Japi en Bavink (1)

 Waar haalde Nescio ze vandaan. Komende week ontmoet ik Ype Koopmans die uitzocht en schreef. In 'Japi en Bavink en de doorbraak van de moderne kunst'.  

 De hooggestemde schilder en de minstens zo hooggestemde niets­nut. In 1909 ontstond de oerversie van het verhaal over 'Den uitvreter, dien je in je bed vond liggen met zijn vuile schoenen als je 's avonds laat thuis kwam'.

 In 'Titaantjes' gaat het verhaal van de vriendenkring verder en leren we de schilder Bavink kennen. Bavink, over wie in het Handelsblad wordt geschreven dat zijn werk in herhaling viel. Hij haalt zijn schouders op: 'God herhaalt zich zelf nog veel vaker.' En Nescio-adept Gerard Reve maakt daarvan 'Wie moet ik anders herhalen.'

 Maar wat schilderde Bavink nu toch? Koopmans diept namen op van schilders van wie Nescio het werk gekend moet hebben, waaronder: Emmanuël van Beever, die te veel blauw en Veronese groen gebruikte naar de zin van de uitvreter: "Neen, dat deugt niet, veel te veel blauw kerel".   

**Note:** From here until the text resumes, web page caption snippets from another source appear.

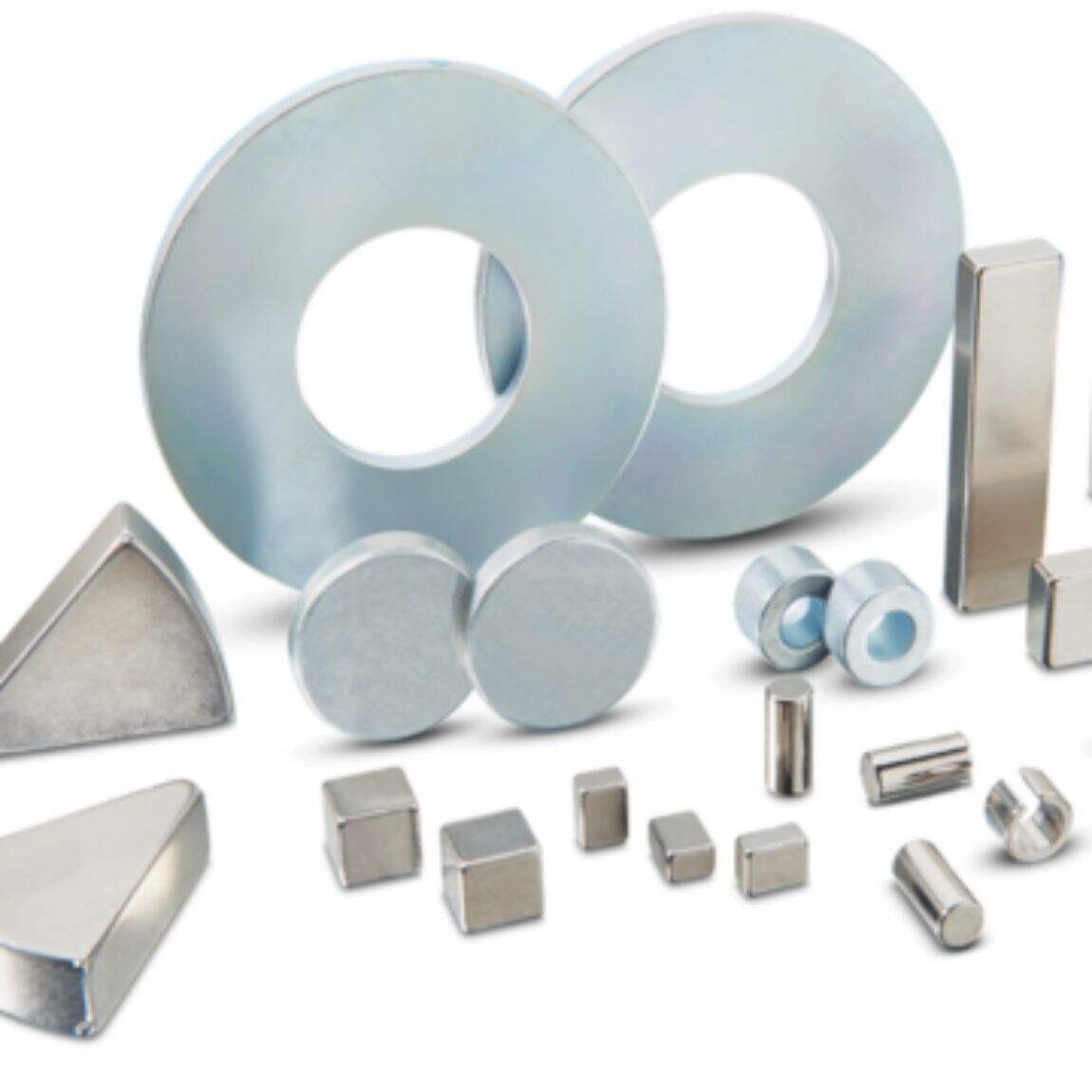 Quality neodymium magnets for a variety of applications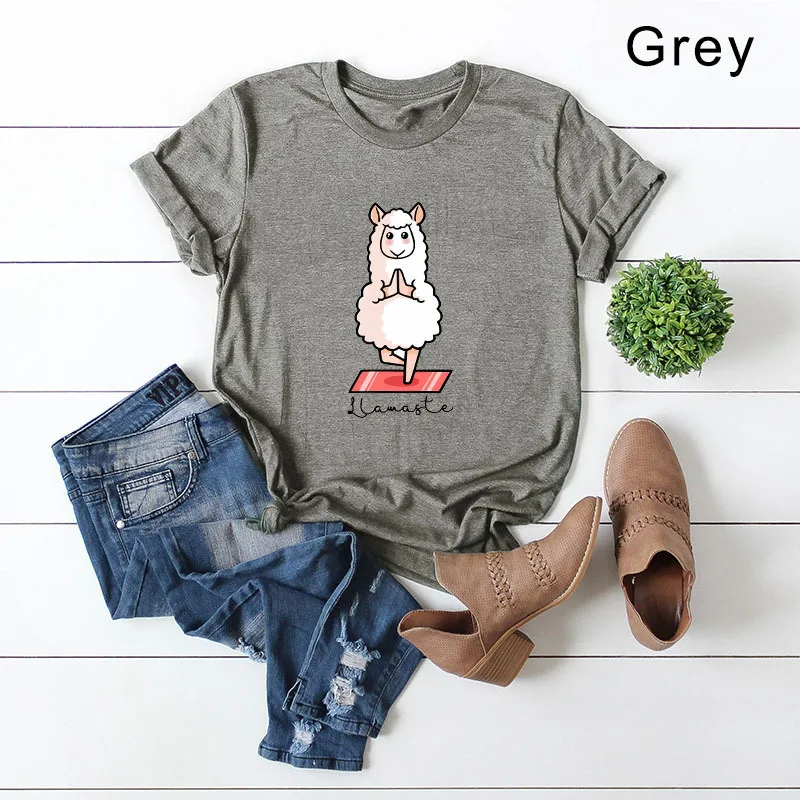 woman clothes tshirt women graphic t shirts tshirt Microfiber Spandex Short Broadcloth Solid
woman clothes tshirt women graphic t shirts tshirt Microfiber Spandex Short Broadcloth Solid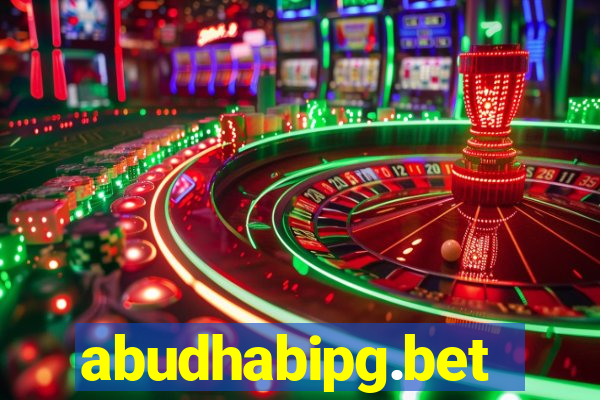 abudhabipg.bet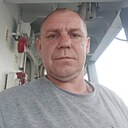 Знакомства: Василий, 43 года, Якутск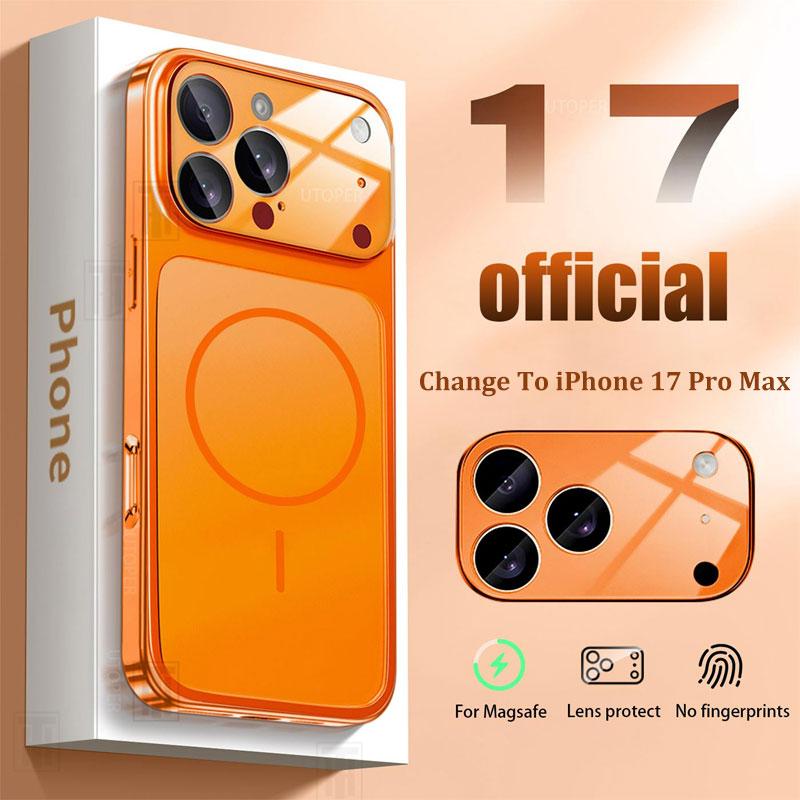 Original Glass Nano Matte Case - Phone Cases Customized บทวิจารณ์และราคา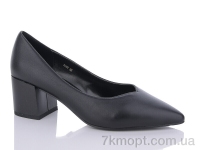 Купить Туфли Туфли Lino Marano R089 Купить Туфли Туфли Lino Marano R089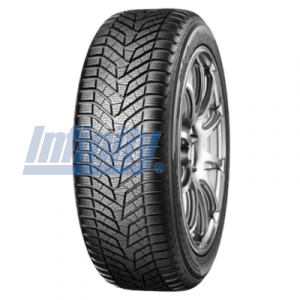 tires/78883_big-0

 Van Beever blijkt een van de modellen voor Bavink te zijn geweest. Net als Bavink werkt Van Beever veel in het Gooi. In de oerversie van Titaantjes staat dit wintergezicht op het station Hilversum: "De hemel wittig blauw, 't weiland gelig groen, de zwarte boomenmuur in de verte waar ze elkaar ontmoetten, een klein roze wolkje in 't midden er boven [...] Met een klein beetje verf had ik er zoo een buitengewoon modern ding van kunnen maken." zegt hij tegen Nescio's alter ego Koekebakker.

 Het modernisme is intussen losgebarsten, zodat ik hierbij meteen denk aan het roze wolkje van Piet Mondriaan. Japi schildert zelf niet. Hij ziet de ervaring op doek weergeven als een onmogelijkheid.